Published May 15, 2016 12:00PM (EDT)

  (AP/Rogelio V. Solis)
(AP/Rogelio V. Solis)

This article originally appeared on AlterNet.

AlterNet

The following is an excerpt from the new book Third Wave Capitalism by John Ehrenreich (Cornell University Press, 2016): 

For there to be any possibility of a progressive resurgence, we have to confront the conservative narrative and address the question of why so many Americans buy in to it. George W. Bush famously told then-Senator Joseph Biden, “I don’t do nuance.” The right has been very successful at reducing complex issues to simple slogans. The examples are many: the “Contract with America,” the “Right to Work,” the “Right to Life,” “death panels,” “If guns are outlawed, only outlaws will have guns,” “weapons of mass destruction.” Complexity is a confusing issue to the Left. We are caught between wanting to imitate the Right, with its catchy phrases, and a respect for the much more complex truth.

Three sets of simplistic conservative belief stand out, accepted by virtually all Republicans and, unfortunately, by many Democrats. First: “We can’t.” The most pressing problem in the United States and the key to most of its problems, say conservatives, is our unbalanced budget and the resultant overwhelmingly large national debt. Raising taxes to deal with it is unthinkable. Higher taxes would burden ordinary taxpayers and businesses, the “job creators,” and would threaten our international competitiveness. The bottom line is that we simply can’t afford to expand government programs (for example, the social safety net).

Second: “The problems are too complex.” The belief that complex social problems can be solved through acts of government is widely considered to be foolish. Many years ago, when I was in college, Henry Kissinger, then a professor, would occasionally have lunch with the members of our campus anti–nuclear weapons group. Scoffing at what he saw as the naïveté of our proposals to advance world peace through a nuclear test ban treaty, he would proclaim in his deep German accent, “These things are more complicated than they seem.” (We callow youths, out of his presence, would mock him, proclaiming in fake German accents, “These things seem more complicated than they are.”)

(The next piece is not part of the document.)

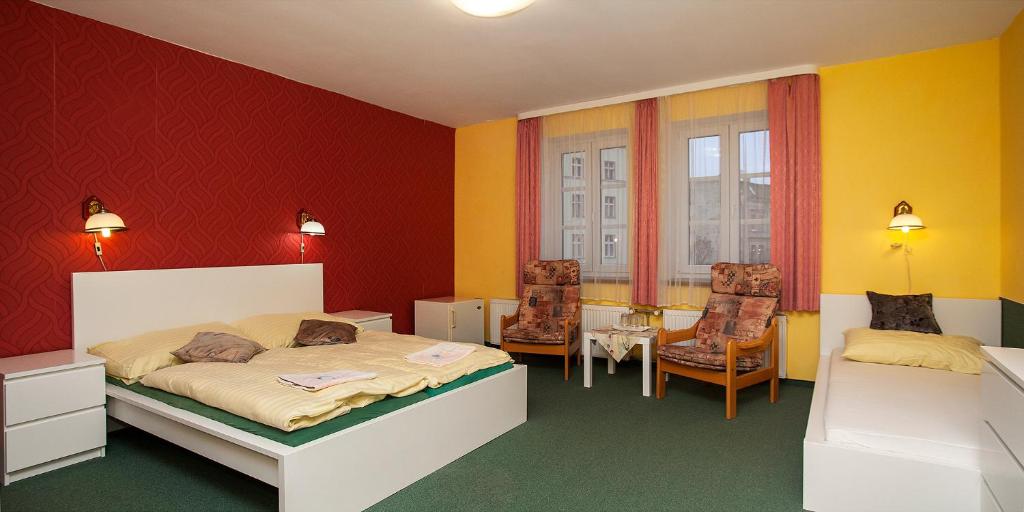 スヴォボダ・ナト・ウーポウにあるPenzion Měšťanský Důmのベッドルーム1室(ベッド1台、テーブル、椅子付)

Third: “We don’t want to.” To conservatives, freedom is inherently a characteristic of individuals and “big government” is the enemy of freedom and prosperity. Societal constraints on individual freedom put us on the slippery slope to tyranny. It is not government but the “free market” that solves social problems, and the only legitimate goals of public policy are to promote “growth” and serve the needs of businesses (the “job creators,” the “drivers of the economic engine”).

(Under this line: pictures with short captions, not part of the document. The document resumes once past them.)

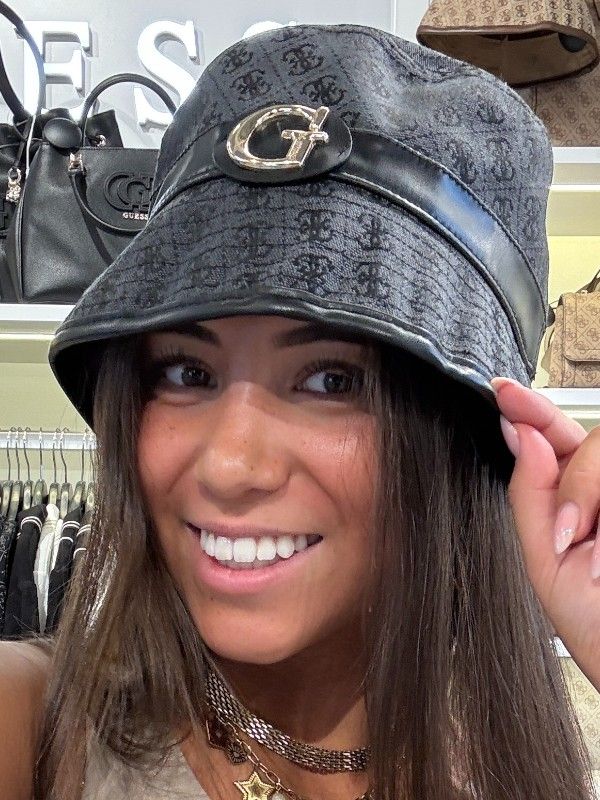 Guess - Rain Hat - Zwart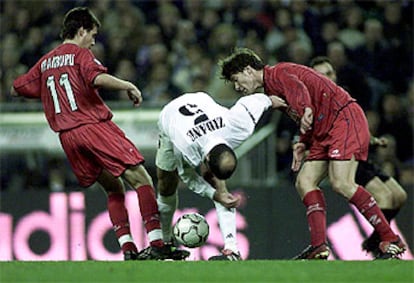 Zidane cae trompicado entre Aramburu y Xabi Alonso en el Real Madrid-Real Sociedad.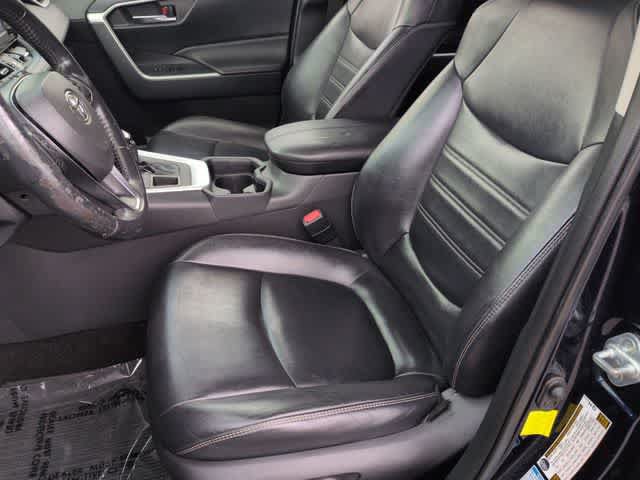 Used 2019 Toyota RAV4 XLE Premium w/ Cold Weather Package AWD/4WD image 16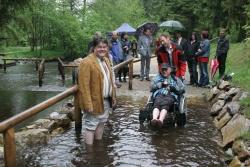 Spiegelaus Bürgermeister Josef Luksch lies es sich nicht nehmen zusammen mit Rollstuhlfahrer Armin Kainz im Beisein von Nationalparkleiter Dr. Leibl und Landrat Lankl (hinten mit Regenschirm) die barrierefreie Naturkneippanlage Schwarzach im Nationalpark Bayerischer Wald zu eröffnen
Foto Rainer Pöhlmann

Let us examine each of these contentions. First, “we can’t” and the problem of the debt: Budgetary constraints seem to make it impossible even to consider introducing new and expensive government programs. Many liberal economists have argued that the supposed threat to our economy posed by the national debt has been greatly exaggerated. In any case, the budget surpluses of the later Clinton years were turned into massive deficit neither by something inherent in our system of government nor by the alleged tendency of liberals to throw money at social problems. The causes of the deficit were simple. Government income was deliberately reduced by the Bush-era tax cuts favoring the wealthy and then reduced further, involuntarily, by the recessions of 2001 and 2008. Meanwhile government spending increased, largely due to the soaring costs of the Bush war of aggression in Iraq. Nothing inevitable. All reversible.

There are other, longer-term deficit concerns, to be sure, such as the shortfall anticipated for Social Security. The latter, at least, can be fairly easily fixed by adjusting the payroll tax (most notably by applying it to all earned income, not just income up to $118,500, as it is now). The only relatively intractable part of the deficit is that due to rising costs for Medicare and Medicaid, but what makes health-care costs “intractable” is our unwillingness to confront their real source, the medical-industrial complex.

But leaving the issue of the causes of the deficit aside for a moment, let us embrace complexity. Yes, we do have a moral obligation not to leave our grandchildren with a crippling burden of debt. But that assertion does not end the discussion of what is “moral.” We also have a moral obligation not to leave our grandchildren with a decaying infrastructure, not to leave them with the consequences of runaway global warming, not to leave them with the legacy of several generations of bad schooling, not to leave them with an over-expensive and under-effective health-care system, and not to leave them with a society riven by racism and morally tainted by the failure to eliminate poverty.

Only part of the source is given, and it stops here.